“现在是下旬,”单议秋的注意力回到正题,他皱着眉,指尖无意识地在膝盖上敲了两下,“不符合他每月中旬才进城的规律。”
他沉吟片刻,忽然当着下属的面侧过身,用食指关节戳了戳谢寒声的肩膀。
“去翻翻他的口袋,”单议秋说,“看看里面有什么。

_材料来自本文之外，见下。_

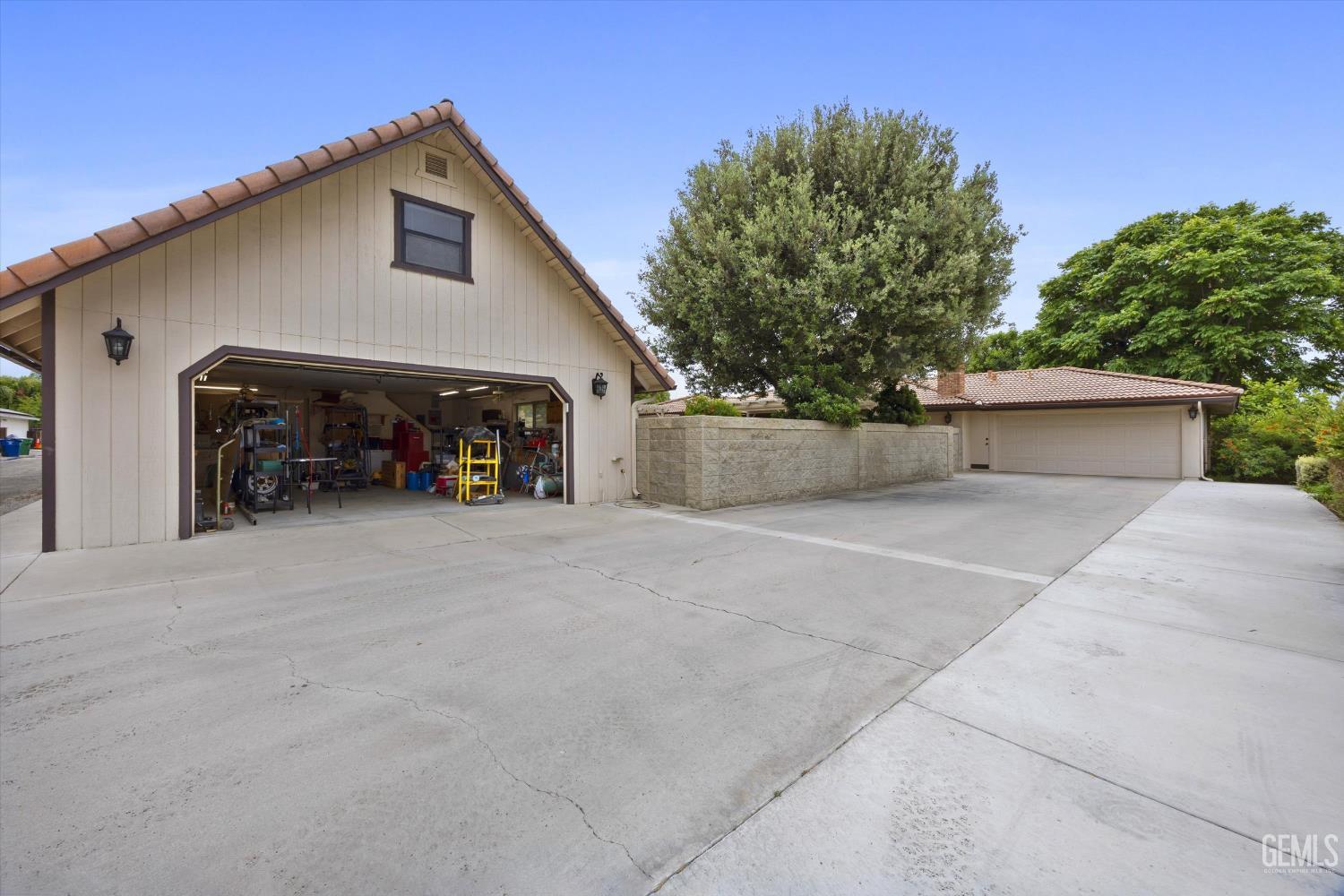 7008 Hooper Avenue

”
谢寒声瞥了他一眼,知道他怕脏怕麻烦,便起身走到昏迷的异变者身旁。
他动作利落,很快将对方身上几个粗糙缝制的衣袋都摸了一遍,掏出来的东西寥寥无几:一条洗得发灰的棉布手帕,几枚磨损的银币和铜子,还有好几张被揉得皱皱巴巴、边缘毛糙的纸片。
他把这些东西都拿过来,摊在拘禁室那张唯一的金属矮床床面上。
单议秋俯身,用指尖将那些纸片小心地一张张捻开抚平。大多是些零碎的采购清单或简单的收据,字迹歪斜,记录的不过是盐、灯油、粗糖之类的日常用度。

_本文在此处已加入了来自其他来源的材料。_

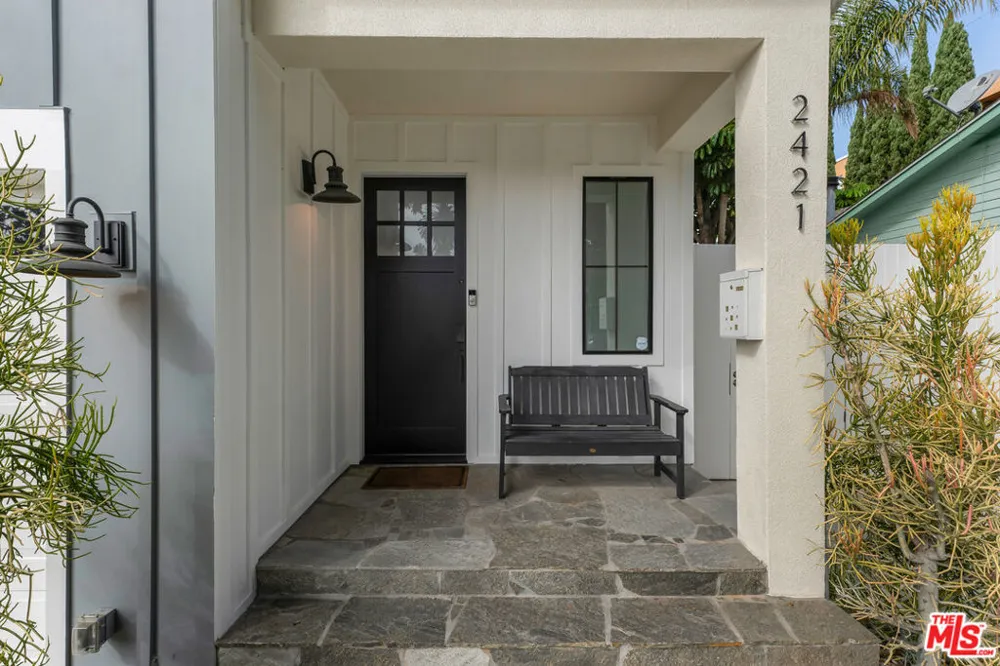 2421 Louella Avenue Los Angeles, CA 90291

他的目光在其中一张颜色稍深、墨迹较新的纸片上停住。将其抽出后,单议秋对着头顶惨白的灯光仔细看了看,然后递给谢寒声:“这家店在什么地方?”
谢寒声接过。
那是一张酒馆的消费凭证,字迹潦草,写着“麦酒一杯,两铜币”,底下盖了个模糊的印章,勉强能认出“老橡木桶”的字样和一处地址。
如果说这个农户有什么额外值得称赞的习惯,那大概就是他似乎有把所有开销都索要凭证的偏执,哪怕只是一杯最便宜的劣酒。
谢寒声对着地址在脑中回忆了一下,报出一个位于中城区与码头区交界地带的方位。
一直静立一旁的下属立即接话,语气肯定:“那家酒馆距离都城联合商会的总部大楼很近,步行不超过三分钟。”
单议秋直起身,靠回椅背,双手交叠放在膝上。
他望着虚空中的某一点,沉默了片刻,随后道:“我忽然有点想跟那位尊敬的商会会长先生聊一聊。你觉得呢?”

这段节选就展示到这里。